Utilized Docker Compose to deploy and manage Airbyte, dbt, and Postgres containers on an AWS EC2 instance

2) Problem Statement

The project encompasses main aspects of a batch data pipeline, with the goal of reducing manual data pulls from Google Ads report builder and automating the data views to be exported to Looker Studio on a set cadence for Campaign and Keyword analysis.

3) Data Source

Data is extracted using Airbyte from Google Ads API v18 (Airbyte version 3.7.1)

The views that were expected to be the final output of the data pipeline are as follows:

Ad View: This view is mainly comprised of these dimensions; Ad Name, Campaign Name, Ad Group and Status alongside key metrics such as Cost, Clicks etc. This is also shown in the next slide (Slide 12)

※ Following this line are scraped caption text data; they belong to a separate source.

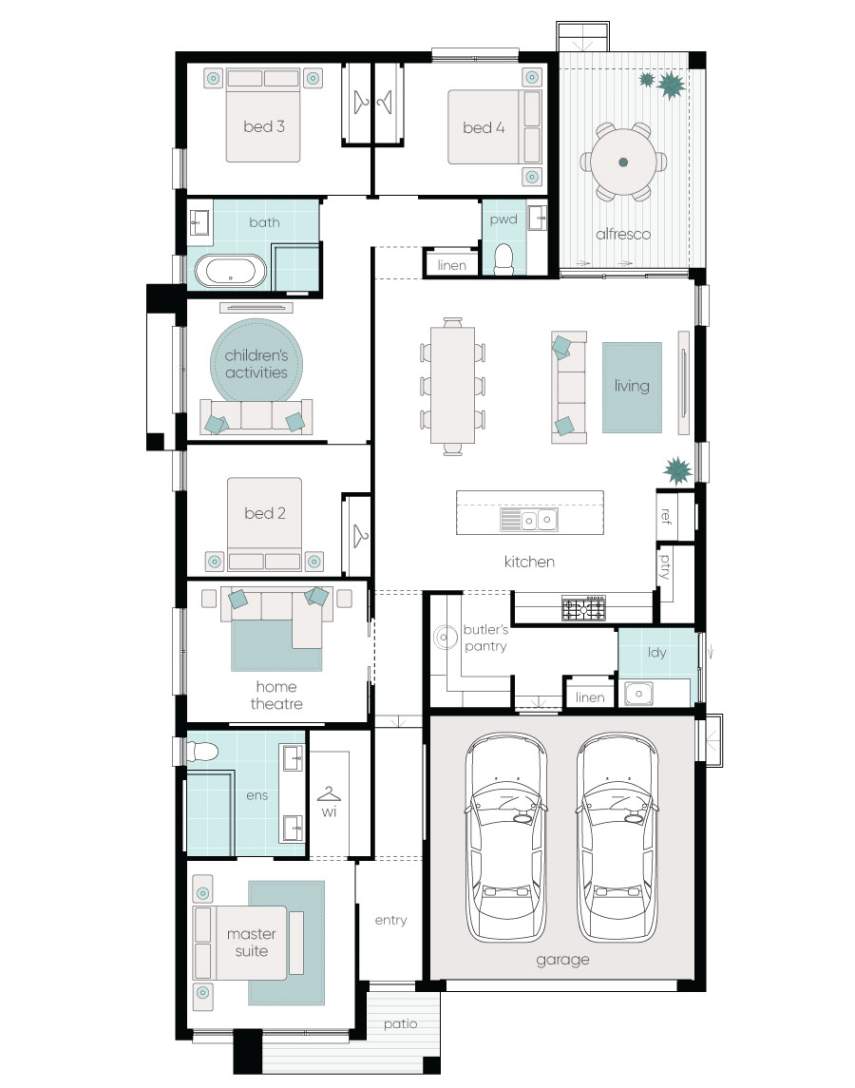 Complete by McDonald Jones at Mount Terry - Albion Park - Lot 508 Floorplan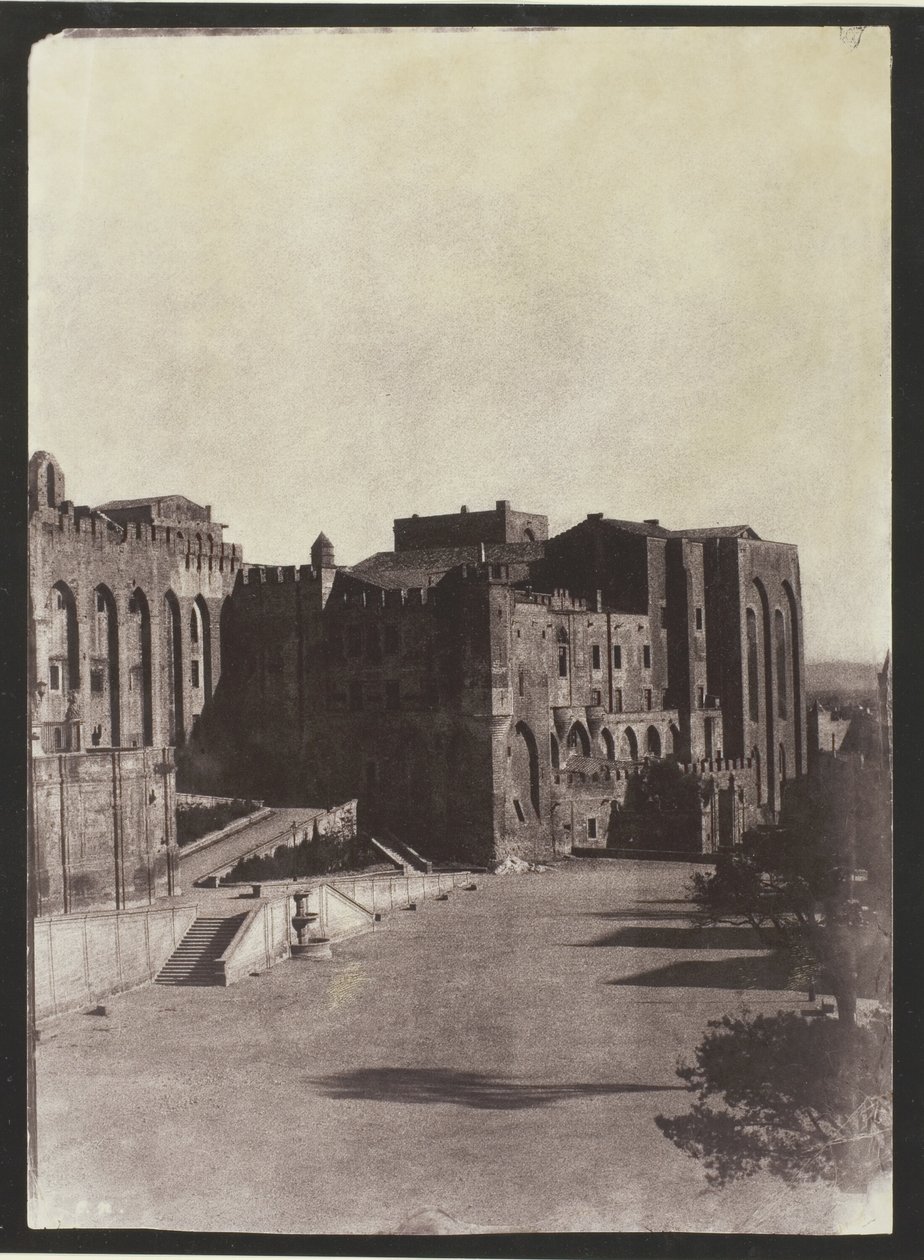 Papežský palác, Avignon od Charles Nègre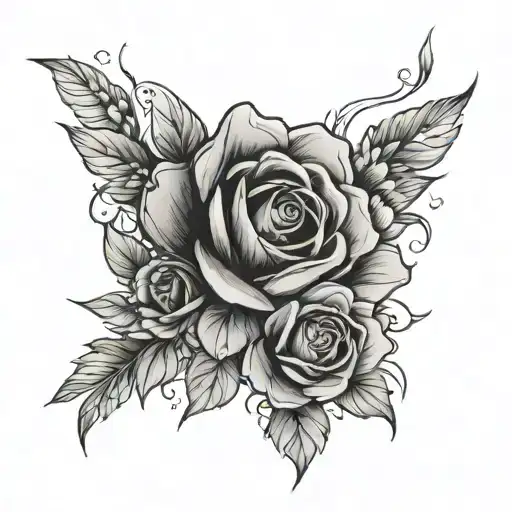 Smoky Arm Tatto With Flowers Wrapped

Keyword View: This view is mainly comprised of these dimensions; Keyword, Match Type, Campaign Name, Ad Group and Status alongside key metrics such as Cost, Clicks, Impressions, Interactions etc. This is also shown on Slide 13

Key Resources

Google Ads v18 docs can be found here
This resource helps showcases API queries that return the same data as the default screens of the Google Ads UI

4) Data Ingestion

Data Ingestion was carried out using Airbyte hosted on AWS EC2 instance. The data transfers were scheduled to run using Airbyte's cronjob feature. Multiple connectors were setup for source and destination in Airbyte as shown below:

Source Connector: To ingest data from Google Ads API, the default connector version 3.7.1 was used
Destination Connector: To export raw data from the Google Ads connector to Postgres destination, connector version 2.2.1 was used

5) Data Transformation

dbt core was used to transform Google Ads raw data hosted on AWS EC2 instance.

For the ELT process a multi-layered data architecture is used, called "staging-intermediate-mart"

Staging Layer: Raw, minimally transformed data from source systems.
Intermediate Layer: Heavily transformed data, preparing it for analytical use.
Mart Layer: Final, business-facing data, ready for analysis and reporting.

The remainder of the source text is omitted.